This application claims the benefit, under 35 U.S.C. §119 of European Patent Application No. 13305459.3, filed Apr. 9, 2013 and European Patent Application No. 13306205.9, filed Sep. 4, 2013.
The invention relates to a method and an apparatus for performing alpha matting. In particular, the invention relates to a method and an apparatus for determining an alpha value for a candidate pixel of an image in an alpha matting process, which make use of a probability function that is based on an information theoretical analysis.
Alpha matting refers to the problem of softly extracting a foreground object out of an image. In contrast to binary segmentation, where each pixel is either classified as fully foreground or background, alpha matting recognizes the existence of “mixed” pixels. A major reason for such mixed pixels is the limited resolution of cameras, where light from the foreground object and the background contribute to the incoming light of a CCD element. Other reasons can be motion-blur and (semi-) transparencies in the object itself.
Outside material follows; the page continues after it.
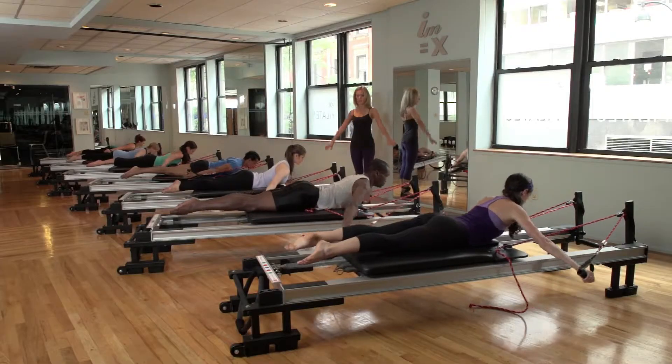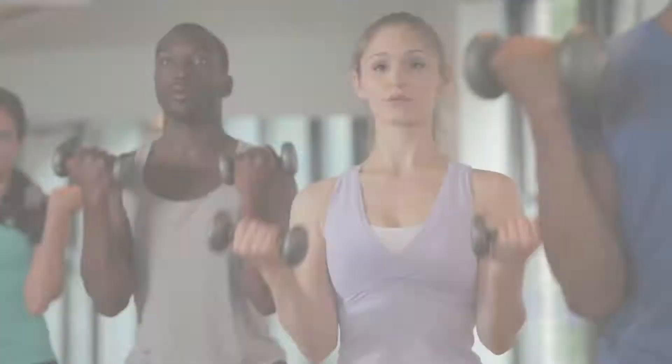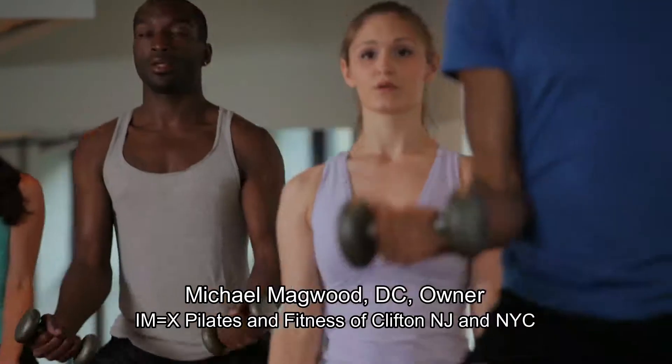I think my role here in teaching class is to entertain people in part, as well as make them sweat and make them fit, so everyone grunts and groans and we make it fun.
Alpha matting and thus the soft extraction of objects from a still image or a video sequence is a fundamental problem in computer vision in general and movie post-production in particular.
The mixing coefficient is typically called “alpha”. It is defined to be between 0 and 1, i.e., 0% and 100%, and describes the fraction to which light from the foreground object contributed to the incoming light on an image sensor element, i.e. to an image pixel. An alpha matting algorithm tries to estimate this alpha coefficient, as well as the unmixed foreground and background colors. Each (unmixed) color is defined by three parameters, e.g. R, G, and B values in case of the RGB color space. Alpha matting hence needs to determine seven unknowns from only three knowns. The problem is thus ill-posed and requires additional constraints.
Many algorithms for estimating alpha mattes have been developed over the recent years. Their computational complexity is usually very high, often preventing their application in professional post-production of high-resolution images. However, the achievable results are usually much more visually appealing than results of a binary segmentation.
Wang et al.: “Image and Video Matting: A Survey”, Foundations and Trends in Computer Graphics and Vision, Vol. 3 (2007), pp. 97-175, provides a good overview over the state of the art of alpha matting as of 2007. A number of different approaches exist today, where significant progress has been made over the recent years. Generally a distinction is made between two fundamental approaches to solve the matting problem, namely color sampling based methods and propagation (affinity) based methods.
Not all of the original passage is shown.